*** Data extracts ***

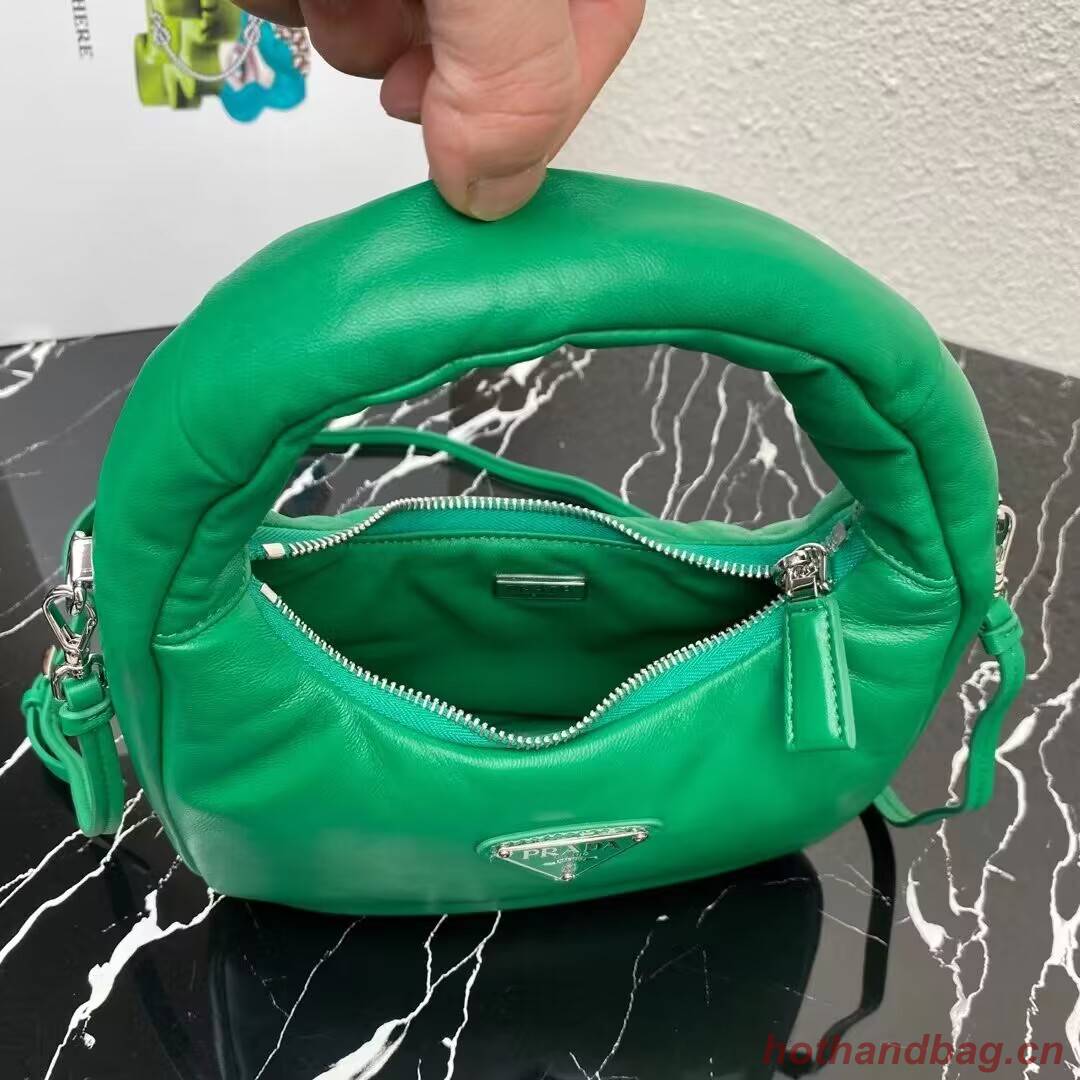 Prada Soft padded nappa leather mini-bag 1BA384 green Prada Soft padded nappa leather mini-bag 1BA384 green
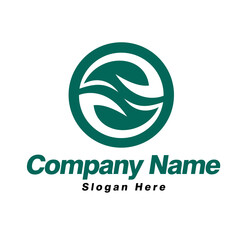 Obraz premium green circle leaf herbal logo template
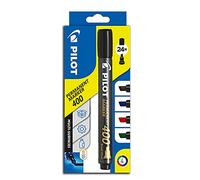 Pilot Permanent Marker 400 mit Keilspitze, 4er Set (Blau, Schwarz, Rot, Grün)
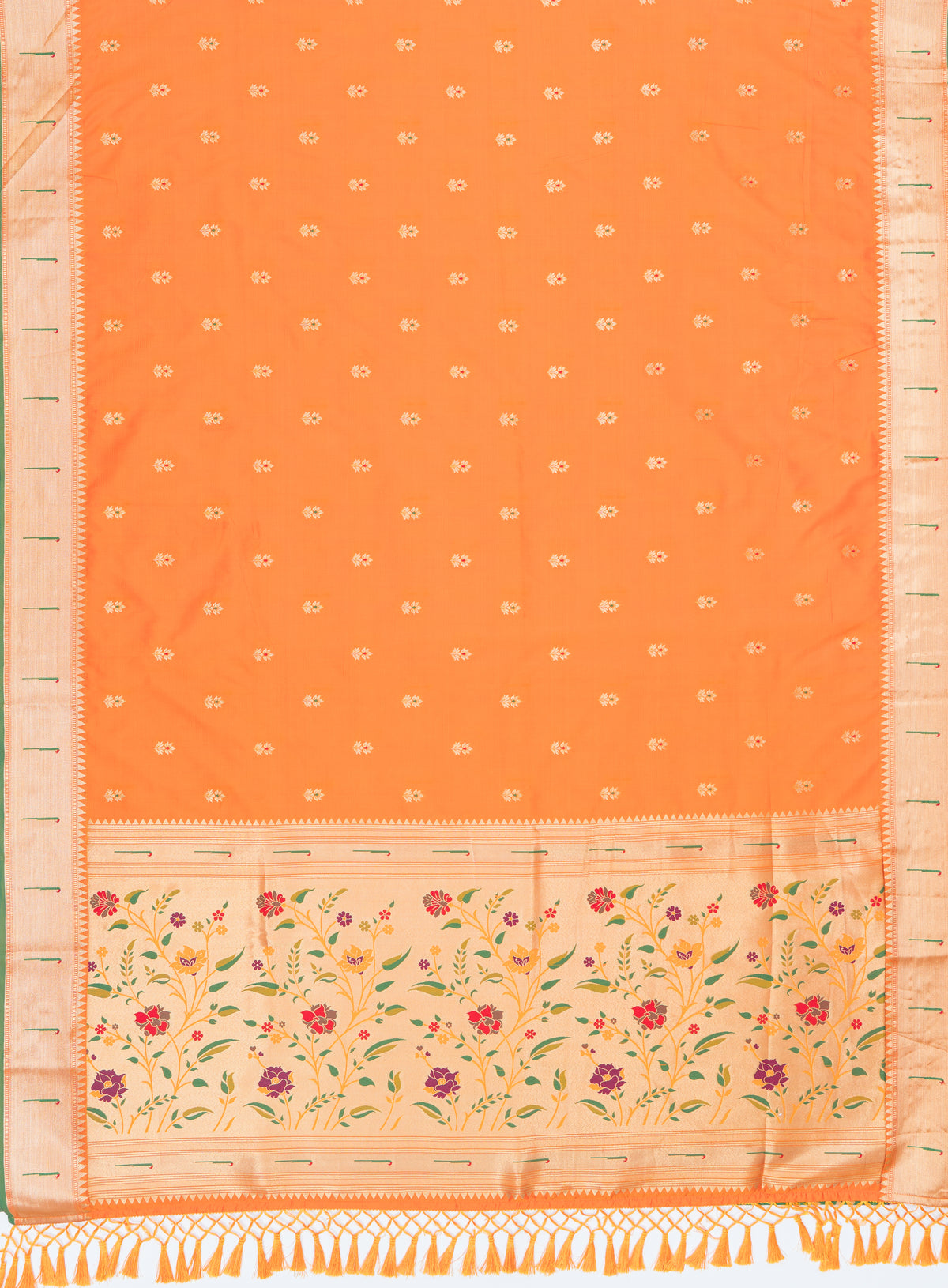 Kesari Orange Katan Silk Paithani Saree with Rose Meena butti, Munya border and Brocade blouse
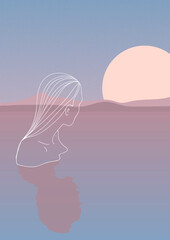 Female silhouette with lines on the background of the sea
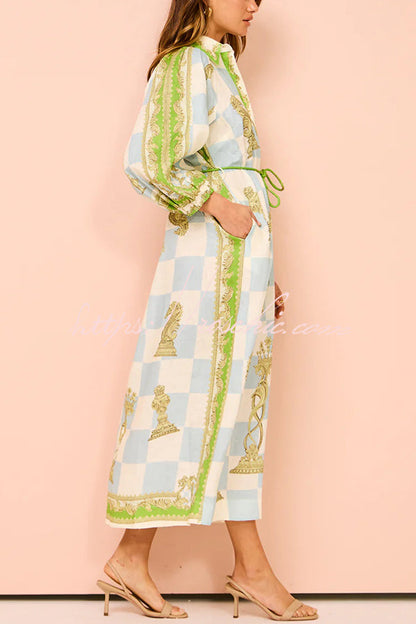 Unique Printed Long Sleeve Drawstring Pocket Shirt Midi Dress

*** End of Data extracts ***

▶ _Task description_
Leaving the pictures out, give again word for word each line from the one holding "Female silhouette with" through the end of the records.

▶ _Written answer_
 Female silhouette with lines on the background of the sea
 Unique Printed Long Sleeve Drawstring Pocket Shirt Midi Dress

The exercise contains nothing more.